SUPPLIED ENTRIES:
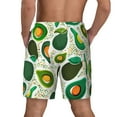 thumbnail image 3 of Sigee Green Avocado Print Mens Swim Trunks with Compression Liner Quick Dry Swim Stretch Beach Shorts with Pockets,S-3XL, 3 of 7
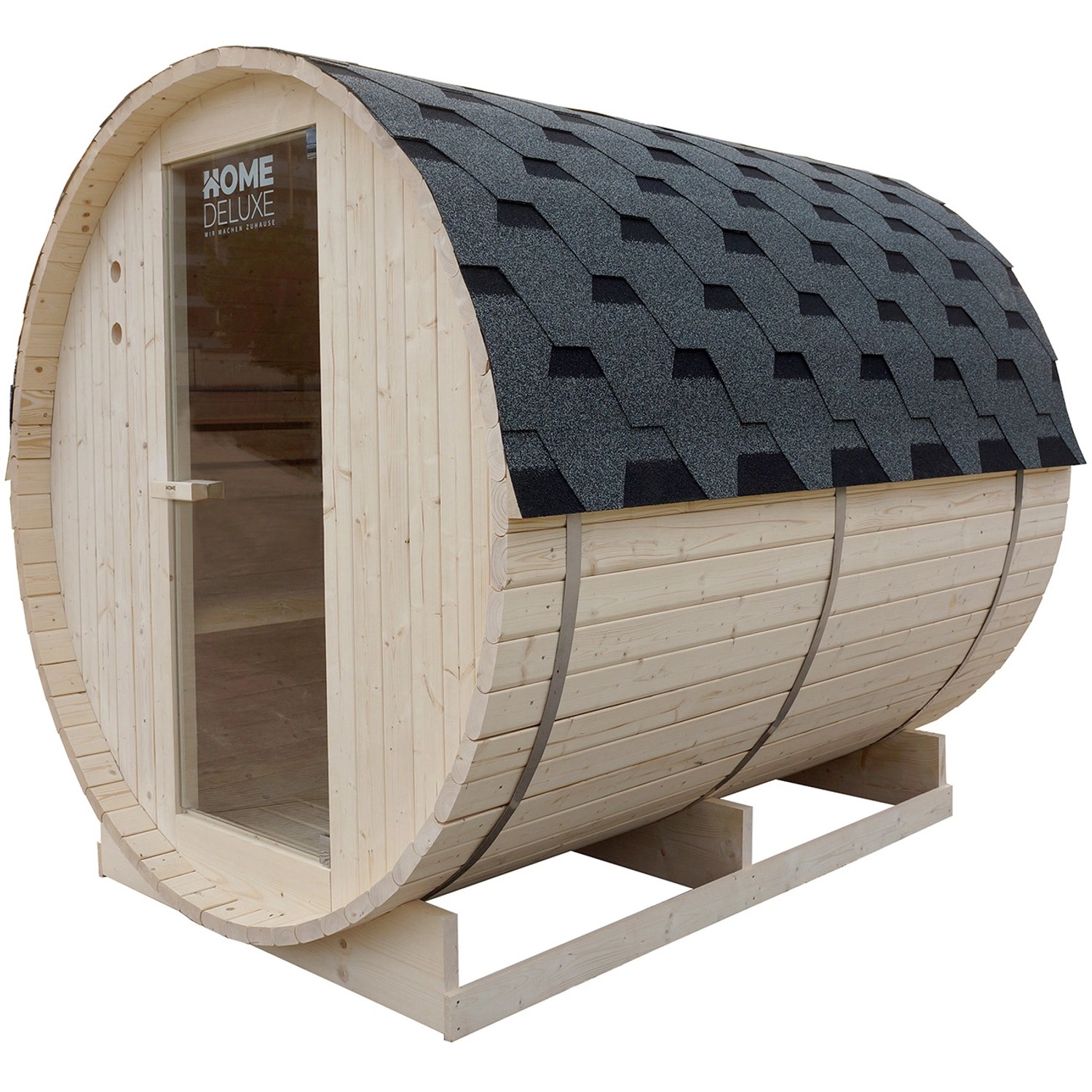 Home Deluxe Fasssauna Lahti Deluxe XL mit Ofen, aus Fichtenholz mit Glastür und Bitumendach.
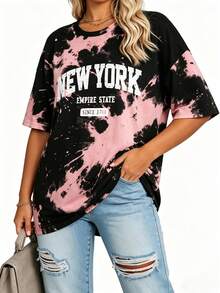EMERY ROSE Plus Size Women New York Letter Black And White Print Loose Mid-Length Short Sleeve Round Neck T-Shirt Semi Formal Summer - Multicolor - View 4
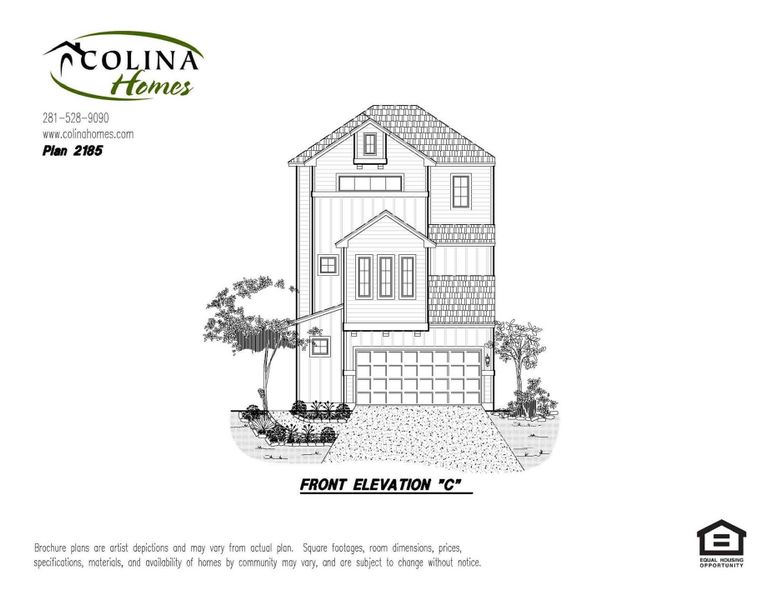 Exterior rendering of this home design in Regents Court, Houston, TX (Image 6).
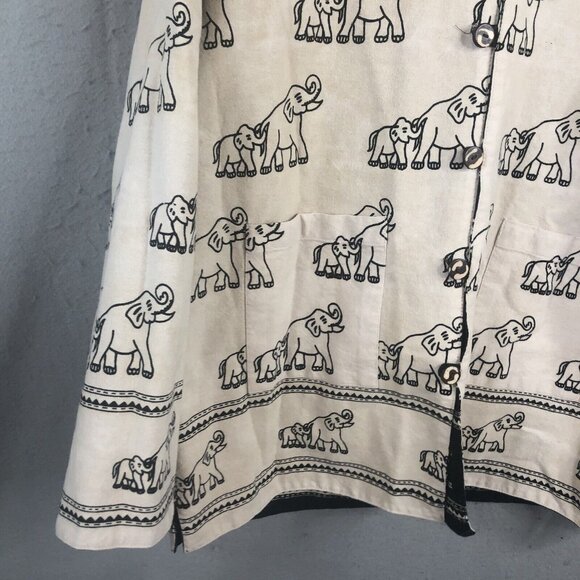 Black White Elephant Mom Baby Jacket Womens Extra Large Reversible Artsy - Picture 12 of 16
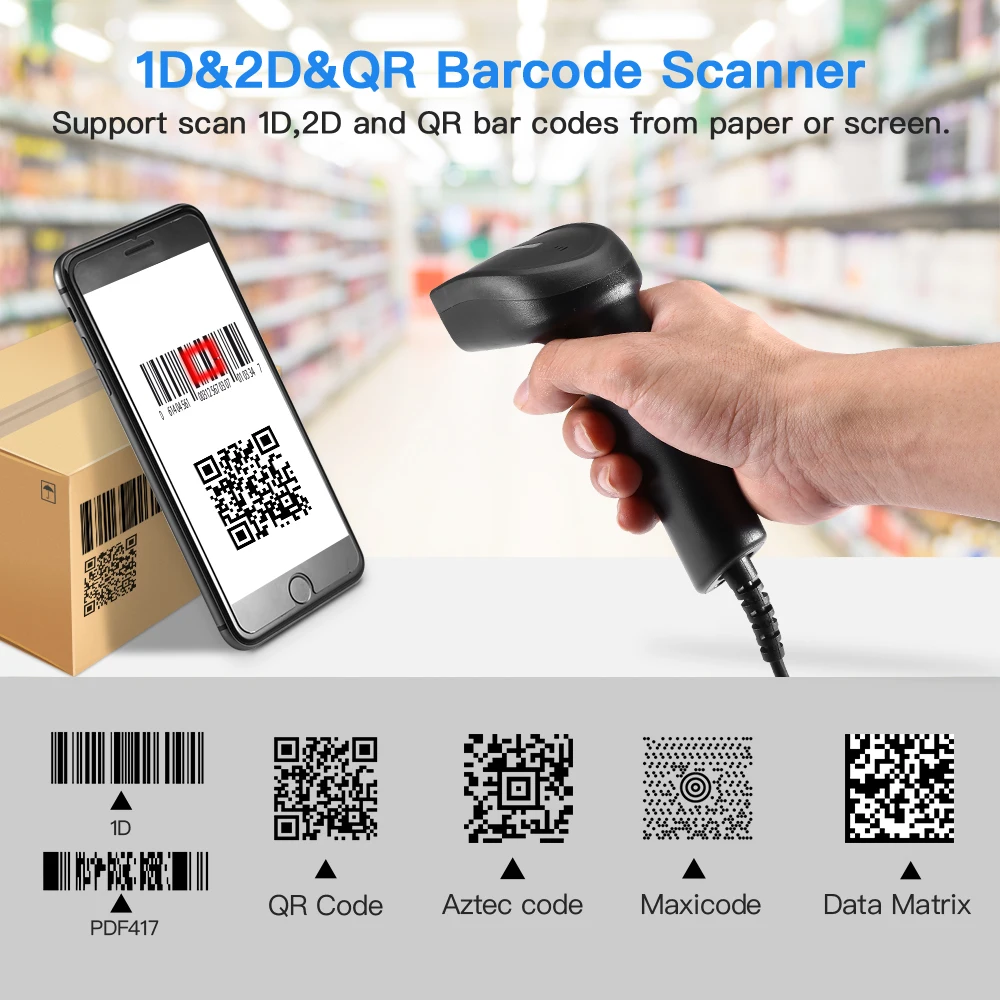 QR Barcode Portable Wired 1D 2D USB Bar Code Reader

ACTION ITEM: From the line with "Exterior rendering of" to the last line above, restate each line word for word, but skip the pictures.

EXERCISE SOLUTION:
 Exterior rendering of this home design in Regents Court, Houston, TX (Image 6).
 Black White Elephant Mom Baby Jacket Womens Extra Large Reversible Artsy - Picture 12 of 16
 QR Barcode Portable Wired 1D 2D USB Bar Code Reader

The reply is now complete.